Хочу оставить женщину в живых, но получается иначе. Она предупреждает няню, что я здесь, и велит вызвать полицию, так что выбора не остается. Нельзя допустить, чтобы рассказала, как я выгляжу. Сопротивляется недолго. Потом удается незаметно уйти.
И снова отец сердится. Убийство семьи сразу вызывает много шума; он быстро понимает, что это сделал я. Знаю, что знает: вижу по взгляду. Тот человек, на которого отец работает, недоволен, и у него появляются проблемы.
Вновь открывается дело о пропаже моей сестры. Пересматривается предъявленное родителям обвинение в убийстве. Честно говоря, очень этому рад. Мне никогда не нравилось, что они столько лет просидели в тюрьме якобы за убийство собственной дочери.

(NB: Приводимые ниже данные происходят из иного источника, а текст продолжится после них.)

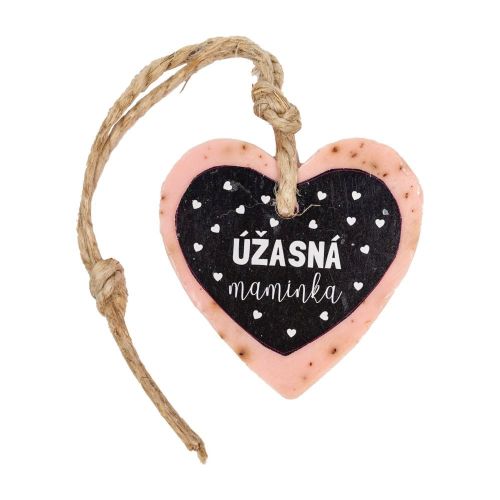 MÝDLO srdce velké 70 g Úžasná maminka (černá kartička) SOAP and GIFTS BV - bal. po 5 ks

И все из-за того, что отец сделал то, что сделал. То, что мы с ним сделали. Он говорит, что я все испортил, поднял невиданную бурю. Странно, что когда упоминает о сестре, всегда как-то колеблется, словно что-то скрывает. Я ему не доверяю. Никогда не доверял, а теперь и не боюсь. Из-за него потерял все.
Сидим в клубе. Отец выходит из кабинета и говорит, что есть для меня дело. Знаю, что это значит. Снова хочет, чтобы я кого-то убил. Наверное, полиция задает слишком много вопросов о сестре. Человек, которого он жутко боится, велит с кем-то расправиться, иначе он убьет отца. Есть свидетель, который может нас выдать. Конечно, он имеет в виду, что может выдать его. Не сомневаюсь, что на меня ему насрать. Обычно такую работу поручает Болвану, но сейчас здесь только я один, а дело, судя по всему, срочное. Надо немедленно пойти и убить чью-то мать.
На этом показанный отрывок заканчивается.